The petition was filed against Laniado Hospital, acting Health Minister Yoav Ben-Tzur of the Haredi Shas party, and the Health Ministry.

Ben-Tzur was made health minister to replace Shas party leader Aryeh Deri, who was fired from the position after a High Court ruling that he could not be a minister due to his recent criminal convictions and his ostensible promise last year to withdraw from political life as part of a plea bargain.

Yoav Ben-Tzur, acting health minister (right), with Aryeh Deri at the Ministry of Social Affairs, Jerusalem, on January 1, 2023. (Yonatan Sindel/Flash90)

Several large hospitals have said they will post signage on hospital premises but not search belongings to enforce the restrictions. Some said they would set up designated spaces or lockers for anyone wishing to keep hametz there. Passover begins on the evening of Wednesday, April 5, this year.

But on Sunday, according to Channel 12, an employee stationed at the entrance to Laniado Hospital, a religious hospital in Netanya, prevented a woman with a high-risk pregnancy from entering with a package of wafers that were not kosher for Passover, and she was required to leave the food outside. The hospital was founded in 1976 by Rabbi Yekutiel Yehuda Halberstam and is owned by the Sanz Hasidic sect, though it also receives state funding.

The woman’s husband, whose name was not disclosed, told Channel 12 a tent was set up at the hospital’s entrance where patients and visitors were required to hand over any food that was not kosher for Passover in exchange for a ticket to later get their food back, and gain entry to the hospital.

“They told her, ‘You have food that is non-kosher for Passover, leave it outside and we’ll get you a ticket.’ She has a high-risk pregnancy and it does not make sense that she should go into urgent treatment without food to sustain her throughout the day,” he added, explaining that his wife receives treatment at the hospital every two weeks during the pregnancy.

A man prepares matza in Kfar Chabad, April 2, 2023 (Yossi Aloni/Flash90)

The new hametz law was sponsored by the ultra-Orthodox United Torah Judaism party, outraged after a 2020 High Court of Justice ruling blocked hospitals from searching bags to check for hametz in response to petitions decrying the searches as invasive and religiously intrusive. The court extended its ruling to army bases last year.
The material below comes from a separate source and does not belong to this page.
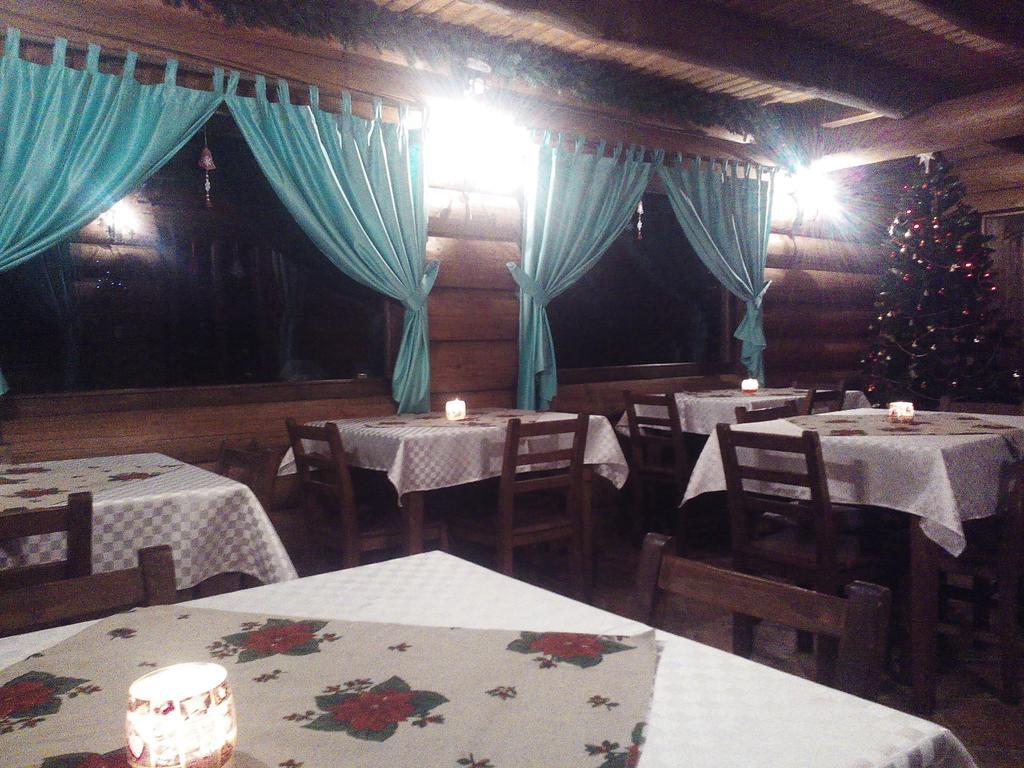 Casa Muntelui - Sambata Pensjonat Sîmbăta de Sus Zewnętrze zdjęcie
The fight over hametz in hospitals has become a symbol for both secular and religious Jews of their fight over religion’s place in the Jewish state, and of the legislative moves by Prime Minister Benjamin Netanyahu’s government — Israel’s most hardline to date.

The issue came to a crescendo last April, when the fight over hametz and its ties to religious values in the state was said to be the immediate catalyst for a member of the razor-thin coalition to defect, kicking off a three-month tumble toward the previous government’s collapse.